True to my fact-checking form, I then googled "can bisexual people call themselves gay?" And was met with a wide range of different opinions. I felt kind of validated, and a little bit of shame turned to anger towards those who made me feel less than human. "Good, good," I thought. "I can't wait to tell Julie." (Julie is my psychologist). And THEN, I felt shitty about using the word "gay" instead of "bi". I know all too well how horrible it is to experience bi-erasure. Let me tell you, it's one thing to have your identity damned to hell, and it's another thing to have your identity washed from the face of the earth. (Both very painful. One more confusing than the other.) Damnation is clear cut. Erasure is honestly like the smudged pencil on an exam paper. There is nothing there, but you know there's something because it's smudged but it's so hard to tell people that it's pencil because they'll just say "no, no, there's no pencil there".
The world tells me I'm not here, which is so confusing because, to me, I can see that I am.
I don't want people to ever believe that bisexuality isn't real. I don't want to contribute to that narrative. It's a gaslighty social rhetoric that just makes finding love even more difficult than it already is.
I'm bisexual. That's how I describe myself to whoever I am dating, it's the answer I give to people whenever they ask: "are you gay, or straight?" When I go for sexual health checks, that's the box I tick. It's the community I love the most because we exist in a state of flux with no regard for binaries or false dichotomies, and cancelled subscription from the belief that love and intimacy and human connection is gender bound (no matter how terrified of relationships you are... *ahem*, hello *waves*).
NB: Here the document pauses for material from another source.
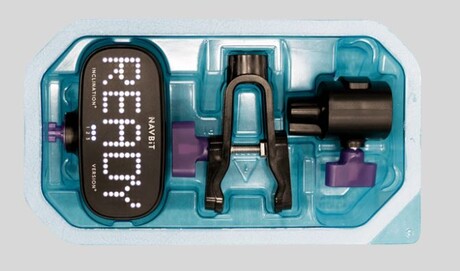 New hip device will assist surgeons with procedural navigation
Having said all of this, I think there is importance in claiming the word "gay". Not because that's the box I fit into; but because just like the part of me that wants to ravage a particularly good looking man, gay is also a part that floats around inside of the wholeness that is Meg. God made all of the parts of me. And all of those parts deserve to be embraced and protected by an anger that used to look like shame. To quote the Bras n Things advertisement, "I am many things." And so long as those things are honest to myself and respectful towards others, I don't see any good reason for them to hide. After all, to be as completely loved as I want to be, I need to be brave and let whoever I choose to have in my life see all the things that there are to love. I am silly, I study psychology and counselling, I'm not very good at exercise but I try, I am a bit of a bitch, I am a good friend, and I am gay and I am straight and right now I am hungry for lunch.
Anyway, that's why I shared the post. Because, simply, it was funny. And, not so simply, because of everything I just wrote about.